Anfang 2023 verkündet er misslaunig sein Ende als Präsident, Takt- und Geldgeber des FC Sion. Mitte 2024 soll Schluss sein, alles ergebe keinen Sinn mehr, lässt er verlauten, der Klub sei nicht überlebensfähig und müsse weit unten im Amateurfussball notdürftig beatmet werden. Adieu, Spitzenfussball im Wallis. Die Medien waren aufgeschreckt. Der reiche Dompteur verlässt seinen Zirkus.

Der Zampano setzt die Behörden unter Druck

Im Januar 2024, also nur ein Jahr später, geht das proklamierte Ende in einen fulminanten Neustart über. Der Kanton Wallis, die Stadt Sitten und der FC Sion machen eine Absichtserklärung öffentlich, die dereinst zu einem neuen Stadion und zu einem Ausbildungszentrum mit neun Terrains führen soll.

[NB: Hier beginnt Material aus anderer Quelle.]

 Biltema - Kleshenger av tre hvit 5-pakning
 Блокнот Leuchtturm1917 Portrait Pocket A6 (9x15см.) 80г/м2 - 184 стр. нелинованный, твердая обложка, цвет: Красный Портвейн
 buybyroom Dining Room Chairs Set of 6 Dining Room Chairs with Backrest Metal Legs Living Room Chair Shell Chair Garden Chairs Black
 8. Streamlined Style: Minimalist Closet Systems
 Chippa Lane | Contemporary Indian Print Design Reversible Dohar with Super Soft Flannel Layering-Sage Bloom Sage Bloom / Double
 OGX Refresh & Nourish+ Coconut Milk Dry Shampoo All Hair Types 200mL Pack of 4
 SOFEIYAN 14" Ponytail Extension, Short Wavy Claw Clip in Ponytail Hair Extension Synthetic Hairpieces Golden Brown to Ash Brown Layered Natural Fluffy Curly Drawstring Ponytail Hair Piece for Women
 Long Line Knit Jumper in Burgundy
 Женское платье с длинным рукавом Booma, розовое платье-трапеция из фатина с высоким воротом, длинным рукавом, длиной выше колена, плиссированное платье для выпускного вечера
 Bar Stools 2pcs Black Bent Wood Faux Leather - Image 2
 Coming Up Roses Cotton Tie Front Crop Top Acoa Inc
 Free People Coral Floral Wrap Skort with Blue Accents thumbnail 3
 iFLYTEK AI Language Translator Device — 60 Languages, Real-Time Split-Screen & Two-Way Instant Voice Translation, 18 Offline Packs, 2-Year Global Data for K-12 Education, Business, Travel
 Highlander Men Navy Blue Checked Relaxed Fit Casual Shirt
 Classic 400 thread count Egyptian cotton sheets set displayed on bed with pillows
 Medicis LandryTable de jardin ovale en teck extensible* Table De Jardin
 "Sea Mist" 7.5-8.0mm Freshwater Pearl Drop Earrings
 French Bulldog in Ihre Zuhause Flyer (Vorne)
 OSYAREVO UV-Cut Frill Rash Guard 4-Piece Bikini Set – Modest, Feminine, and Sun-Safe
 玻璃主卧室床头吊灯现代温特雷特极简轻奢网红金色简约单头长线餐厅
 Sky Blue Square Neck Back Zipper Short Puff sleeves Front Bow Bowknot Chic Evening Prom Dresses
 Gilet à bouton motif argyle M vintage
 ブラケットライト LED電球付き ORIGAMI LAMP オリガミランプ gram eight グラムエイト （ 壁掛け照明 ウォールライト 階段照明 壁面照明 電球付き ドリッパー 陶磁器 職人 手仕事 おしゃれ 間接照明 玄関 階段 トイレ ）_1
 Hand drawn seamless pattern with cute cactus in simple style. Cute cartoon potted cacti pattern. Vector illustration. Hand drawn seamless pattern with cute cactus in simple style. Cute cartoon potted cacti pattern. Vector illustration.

Der Handel leuchtet ein und liest sich in groben Zügen so: Die Stadt stellt den Boden zur Verfügung, der Kanton beteiligt sich im vorgegebenen Kostenrahmen von 20 bis 30 Prozent am Ausbildungszentrum und am Stadion, und der FC Sion, oder besser: Constantin, trägt maximal 50 Millionen Franken. Das Projekt wird in der Constantin-Terminologie mit «FC Sion 2030» betitelt und ist natürlich kein selbstloses Projekt des Boden- und Immobilienspekulanten aus Martigny.

Nein, mitfinanziert wird das Projekt von einem Immobilien-Deal. Constantin soll Land in der Gemeinde Sitten erhalten und hat vor, darauf mehrere hundert Wohnungen zu errichten. Geben und Nehmen. In früheren Zeiten klotzte er mit Stadionprojekten in Collombey oder Riddes. Daraus wurde nichts. Aber Constantin kam zu Land, das er in Geld ummünzte. Der Ursprung seines Reichtums geht auf den Erwerb von Land in der Nähe der Walliser Autobahn zurück, auf dem er nicht Wohn-, sondern Handelsraum für Baumärkte und dergleichen schafft.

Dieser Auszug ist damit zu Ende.